Chapter 1. A Cohansey Home
Chapter 2. A Presbyterian Conversion
Chapter 3. Ambition
Chapter 4. Rural Enlightenment
Chapter 5. A Virginia Sojourn
Chapter 6. Revolution
Chapter 7. The Call of God
Chapter 8. Duty
Chapter 9. Conclusion

Appendix. A Note on the Fithian Diaries
Notes
Index
Acknowledgments


Excerpt [uncorrected, not for citation]

Introduction

On the morning of Friday, July 16, 1773, Philip Vickers Fithian awoke early and traveled from his Greenwich, New Jersey, house across the Cohansey River to Fairfield. There he spent several days with William Hollingshead, who would soon be installed as minister of the Fairfield Presbyterian church. Together they dined, drank tea, and exchanged the "Usual Civilities" with other friends and relations. The two passed their time together conversing on topics including "the State of Affairs in Philadelphia," Philip's candidacy for Presbyterian ordination, Hollingshead's upcoming sermon "States of Man," and the "useful & well-chosen Books" in the minister's personal library. Philip and Hollingshead ate breakfast on Monday with Jonathan Elmer, their representative in the New Jersey Assembly.
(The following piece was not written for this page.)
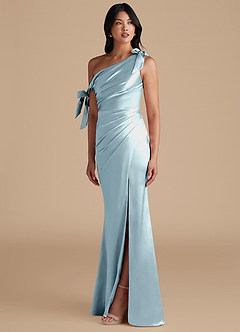 Azazie Xyla Bridesmaid Dresses Sky Blue Sheath Off the Shoulder Metallic Satin Convertible Dress image6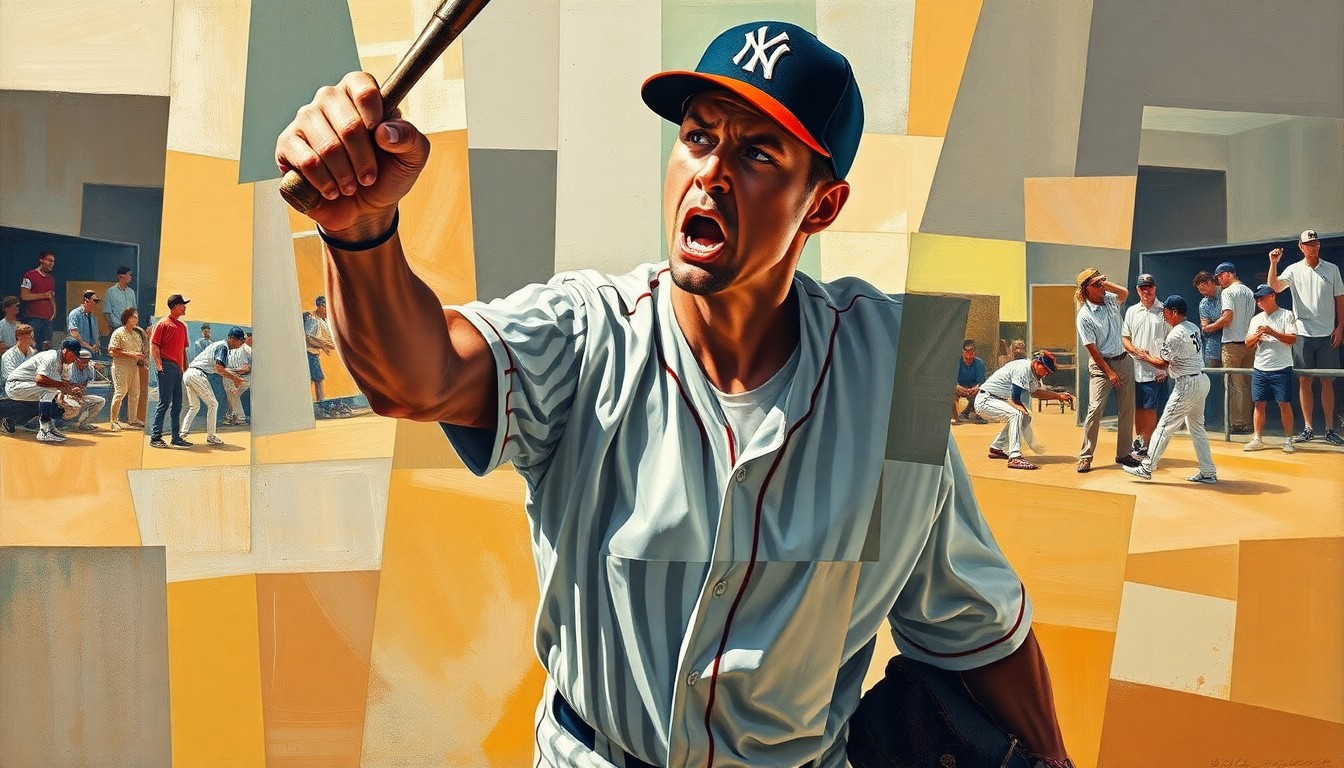 A cubist-style painting depicting a baseball player's body and actions broken down into sharp, overlapping geometric shapes and planes, conveying a sense of frustration and the pressures of a difficult season.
Later that day this gregarious duo traveled back to Greenwich, where Philip observed a "long Confabulation" between Hollingshead and Andrew Hunter, minister of the Greenwich Presbyterian church, on the subject of "whether there is Scripture Authority for Diocesan Bishops" (which was decided "in the negative"). Here they also encountered Richard Howell, one of Philip's former classmates at the local Presbyterian academy, who shared with them news of his legal studies in New Castle, Delaware. Philip lamented that although Howell was a "young Gentleman of considerable Genius, & has made good Proficiency in his Studies . . . he is remarkably profane in his Principles, & loose in his Behaviour!" After calling on several more friends, Philip returned home late Monday afternoon, "Drank Tea with several Neighbors," and "Went to bed about ten."

By examining Philip's journal over this four-day period, one can learn much about what the young Presbyterian deemed important. His entries reveal the musings of an educated candidate for the Presbyterian ministry. The encounter with Richard Howell demonstrates his concern with personal morality and proper behavior. His breakfast with Elmer suggests an interest in political matters. Reflections on books and philosophy and discussions of current news from Philadelphia invoke a cosmopolitan spirit in the rural confines of "Cohansey"—a series of small townships in southern New Jersey situated approximately forty-five miles southwest of Philadelphia.
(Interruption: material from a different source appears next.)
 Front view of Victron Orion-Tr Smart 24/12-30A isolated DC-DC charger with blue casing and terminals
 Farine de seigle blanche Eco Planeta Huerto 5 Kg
Philip's activities illustrate his attempt to rise above the parochialism and rusticity of the Jersey countryside to be a "citizen of the world." By the middle of the eighteenth century the inhabitants of the British North American colonies had become exposed at an ever-increasing rate to the new learning emanating from such cultural and intellectual centers as London, Edinburgh, and Glasgow. Networks of communications and trade allowed such ideas to reach remote corners of the American provinces and connected even the most ordinary farming communities to the world of the British Enlightenment. From the villages of Cohansey, Philip was able to participate indirectly in the eighteenth-century republic of letters—a transatlantic community of scholars sustained through sociability, print, and the pursuit of mutual improvement. Though abstract and boundless, the Enlightenment ideals forged by the republic of letters could indeed shape the "thoughts and deeds" of the republic's members.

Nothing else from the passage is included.